The data:
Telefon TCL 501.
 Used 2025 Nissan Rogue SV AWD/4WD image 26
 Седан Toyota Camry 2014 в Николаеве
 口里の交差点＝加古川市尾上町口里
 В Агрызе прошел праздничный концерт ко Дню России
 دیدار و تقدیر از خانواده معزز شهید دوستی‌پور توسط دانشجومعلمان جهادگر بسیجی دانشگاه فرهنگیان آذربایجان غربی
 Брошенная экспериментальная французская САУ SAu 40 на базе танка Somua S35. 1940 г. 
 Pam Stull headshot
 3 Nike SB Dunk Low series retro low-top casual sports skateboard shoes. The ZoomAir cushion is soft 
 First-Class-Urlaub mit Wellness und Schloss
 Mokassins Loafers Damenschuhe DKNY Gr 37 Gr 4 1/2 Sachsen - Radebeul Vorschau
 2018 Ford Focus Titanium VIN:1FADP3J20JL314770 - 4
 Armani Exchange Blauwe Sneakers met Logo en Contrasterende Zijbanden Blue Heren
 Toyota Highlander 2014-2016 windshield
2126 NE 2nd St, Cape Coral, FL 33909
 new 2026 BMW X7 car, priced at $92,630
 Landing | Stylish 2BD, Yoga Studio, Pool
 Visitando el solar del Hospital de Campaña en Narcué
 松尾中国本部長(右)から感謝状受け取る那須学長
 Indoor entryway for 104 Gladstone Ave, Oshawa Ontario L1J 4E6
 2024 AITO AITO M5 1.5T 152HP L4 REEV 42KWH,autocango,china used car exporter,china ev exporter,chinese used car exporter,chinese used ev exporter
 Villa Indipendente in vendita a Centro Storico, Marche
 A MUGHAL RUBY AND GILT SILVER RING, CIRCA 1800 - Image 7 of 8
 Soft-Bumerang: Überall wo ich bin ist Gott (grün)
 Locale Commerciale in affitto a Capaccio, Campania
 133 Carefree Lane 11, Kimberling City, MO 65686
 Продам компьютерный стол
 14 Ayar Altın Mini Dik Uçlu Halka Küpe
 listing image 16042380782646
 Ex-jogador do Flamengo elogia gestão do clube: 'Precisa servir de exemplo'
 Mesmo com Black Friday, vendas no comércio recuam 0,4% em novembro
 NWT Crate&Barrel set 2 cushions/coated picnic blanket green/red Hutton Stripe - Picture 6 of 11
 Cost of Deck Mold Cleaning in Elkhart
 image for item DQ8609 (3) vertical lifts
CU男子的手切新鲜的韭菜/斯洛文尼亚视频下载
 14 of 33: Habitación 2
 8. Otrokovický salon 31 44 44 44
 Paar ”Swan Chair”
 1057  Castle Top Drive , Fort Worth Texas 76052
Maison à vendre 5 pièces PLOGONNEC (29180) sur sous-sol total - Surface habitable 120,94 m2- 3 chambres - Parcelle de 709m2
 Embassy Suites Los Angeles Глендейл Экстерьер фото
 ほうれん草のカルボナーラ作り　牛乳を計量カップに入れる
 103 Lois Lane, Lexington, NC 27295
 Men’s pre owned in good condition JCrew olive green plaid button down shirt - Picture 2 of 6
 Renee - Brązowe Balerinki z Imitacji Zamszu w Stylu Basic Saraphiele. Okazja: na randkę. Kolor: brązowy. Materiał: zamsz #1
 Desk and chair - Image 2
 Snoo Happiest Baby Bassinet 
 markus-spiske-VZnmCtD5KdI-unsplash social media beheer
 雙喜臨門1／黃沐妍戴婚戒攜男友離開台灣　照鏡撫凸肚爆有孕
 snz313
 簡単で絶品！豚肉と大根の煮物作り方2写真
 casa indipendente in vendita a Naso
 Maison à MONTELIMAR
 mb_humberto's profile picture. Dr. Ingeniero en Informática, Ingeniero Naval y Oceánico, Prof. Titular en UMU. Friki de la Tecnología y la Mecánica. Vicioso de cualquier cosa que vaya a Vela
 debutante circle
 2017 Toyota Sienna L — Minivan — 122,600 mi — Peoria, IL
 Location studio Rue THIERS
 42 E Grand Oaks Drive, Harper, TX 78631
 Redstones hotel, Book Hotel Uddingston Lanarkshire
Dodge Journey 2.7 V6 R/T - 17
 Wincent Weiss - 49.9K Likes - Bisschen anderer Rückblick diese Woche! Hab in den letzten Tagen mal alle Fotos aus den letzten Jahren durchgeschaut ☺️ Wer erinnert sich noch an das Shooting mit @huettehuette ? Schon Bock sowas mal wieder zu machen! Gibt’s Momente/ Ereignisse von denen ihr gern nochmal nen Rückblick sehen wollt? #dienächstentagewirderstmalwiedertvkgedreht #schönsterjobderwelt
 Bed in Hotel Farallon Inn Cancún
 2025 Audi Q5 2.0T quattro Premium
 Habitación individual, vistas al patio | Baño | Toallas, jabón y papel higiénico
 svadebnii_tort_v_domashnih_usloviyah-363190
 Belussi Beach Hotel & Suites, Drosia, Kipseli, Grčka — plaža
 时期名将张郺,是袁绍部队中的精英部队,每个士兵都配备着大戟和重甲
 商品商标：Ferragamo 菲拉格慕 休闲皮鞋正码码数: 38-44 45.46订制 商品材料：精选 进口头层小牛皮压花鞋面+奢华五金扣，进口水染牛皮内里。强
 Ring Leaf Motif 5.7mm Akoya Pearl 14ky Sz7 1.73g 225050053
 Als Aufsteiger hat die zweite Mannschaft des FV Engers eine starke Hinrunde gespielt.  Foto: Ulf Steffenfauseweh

Required action: The response should consist of all the entries, transcribed exactly.

Task solution:
Telefon TCL 501.
 Used 2025 Nissan Rogue SV AWD/4WD image 26
 Седан Toyota Camry 2014 в Николаеве
 口里の交差点＝加古川市尾上町口里
 В Агрызе прошел праздничный концерт ко Дню России
 دیدار و تقدیر از خانواده معزز شهید دوستی‌پور توسط دانشجومعلمان جهادگر بسیجی دانشگاه فرهنگیان آذربایجان غربی
 Брошенная экспериментальная французская САУ SAu 40 на базе танка Somua S35. 1940 г. 
 Pam Stull headshot
 3 Nike SB Dunk Low series retro low-top casual sports skateboard shoes. The ZoomAir cushion is soft 
 First-Class-Urlaub mit Wellness und Schloss
 Mokassins Loafers Damenschuhe DKNY Gr 37 Gr 4 1/2 Sachsen - Radebeul Vorschau
 2018 Ford Focus Titanium VIN:1FADP3J20JL314770 - 4
 Armani Exchange Blauwe Sneakers met Logo en Contrasterende Zijbanden Blue Heren
 Toyota Highlander 2014-2016 windshield
2126 NE 2nd St, Cape Coral, FL 33909
 new 2026 BMW X7 car, priced at $92,630
 Landing | Stylish 2BD, Yoga Studio, Pool
 Visitando el solar del Hospital de Campaña en Narcué
 松尾中国本部長(右)から感謝状受け取る那須学長
 Indoor entryway for 104 Gladstone Ave, Oshawa Ontario L1J 4E6
 2024 AITO AITO M5 1.5T 152HP L4 REEV 42KWH,autocango,china used car exporter,china ev exporter,chinese used car exporter,chinese used ev exporter
 Villa Indipendente in vendita a Centro Storico, Marche
 A MUGHAL RUBY AND GILT SILVER RING, CIRCA 1800 - Image 7 of 8
 Soft-Bumerang: Überall wo ich bin ist Gott (grün)
 Locale Commerciale in affitto a Capaccio, Campania
 133 Carefree Lane 11, Kimberling City, MO 65686
 Продам компьютерный стол
 14 Ayar Altın Mini Dik Uçlu Halka Küpe
 listing image 16042380782646
 Ex-jogador do Flamengo elogia gestão do clube: 'Precisa servir de exemplo'
 Mesmo com Black Friday, vendas no comércio recuam 0,4% em novembro
 NWT Crate&Barrel set 2 cushions/coated picnic blanket green/red Hutton Stripe - Picture 6 of 11
 Cost of Deck Mold Cleaning in Elkhart
 image for item DQ8609 (3) vertical lifts
CU男子的手切新鲜的韭菜/斯洛文尼亚视频下载
 14 of 33: Habitación 2
 8. Otrokovický salon 31 44 44 44
 Paar ”Swan Chair”
 1057  Castle Top Drive , Fort Worth Texas 76052
Maison à vendre 5 pièces PLOGONNEC (29180) sur sous-sol total - Surface habitable 120,94 m2- 3 chambres - Parcelle de 709m2
 Embassy Suites Los Angeles Глендейл Экстерьер фото
 ほうれん草のカルボナーラ作り　牛乳を計量カップに入れる
 103 Lois Lane, Lexington, NC 27295
 Men’s pre owned in good condition JCrew olive green plaid button down shirt - Picture 2 of 6
 Renee - Brązowe Balerinki z Imitacji Zamszu w Stylu Basic Saraphiele. Okazja: na randkę. Kolor: brązowy. Materiał: zamsz #1
 Desk and chair - Image 2
 Snoo Happiest Baby Bassinet 
 markus-spiske-VZnmCtD5KdI-unsplash social media beheer
 雙喜臨門1／黃沐妍戴婚戒攜男友離開台灣　照鏡撫凸肚爆有孕
 snz313
 簡単で絶品！豚肉と大根の煮物作り方2写真
 casa indipendente in vendita a Naso
 Maison à MONTELIMAR
 mb_humberto's profile picture. Dr. Ingeniero en Informática, Ingeniero Naval y Oceánico, Prof. Titular en UMU. Friki de la Tecnología y la Mecánica. Vicioso de cualquier cosa que vaya a Vela
 debutante circle
 2017 Toyota Sienna L — Minivan — 122,600 mi — Peoria, IL
 Location studio Rue THIERS
 42 E Grand Oaks Drive, Harper, TX 78631
 Redstones hotel, Book Hotel Uddingston Lanarkshire
Dodge Journey 2.7 V6 R/T - 17
 Wincent Weiss - 49.9K Likes - Bisschen anderer Rückblick diese Woche! Hab in den letzten Tagen mal alle Fotos aus den letzten Jahren durchgeschaut ☺️ Wer erinnert sich noch an das Shooting mit @huettehuette ? Schon Bock sowas mal wieder zu machen! Gibt’s Momente/ Ereignisse von denen ihr gern nochmal nen Rückblick sehen wollt? #dienächstentagewirderstmalwiedertvkgedreht #schönsterjobderwelt
 Bed in Hotel Farallon Inn Cancún
 2025 Audi Q5 2.0T quattro Premium
 Habitación individual, vistas al patio | Baño | Toallas, jabón y papel higiénico
 svadebnii_tort_v_domashnih_usloviyah-363190
 Belussi Beach Hotel & Suites, Drosia, Kipseli, Grčka — plaža
 时期名将张郺,是袁绍部队中的精英部队,每个士兵都配备着大戟和重甲
 商品商标：Ferragamo 菲拉格慕 休闲皮鞋正码码数: 38-44 45.46订制 商品材料：精选 进口头层小牛皮压花鞋面+奢华五金扣，进口水染牛皮内里。强
 Ring Leaf Motif 5.7mm Akoya Pearl 14ky Sz7 1.73g 225050053
 Als Aufsteiger hat die zweite Mannschaft des FV Engers eine starke Hinrunde gespielt.  Foto: Ulf Steffenfauseweh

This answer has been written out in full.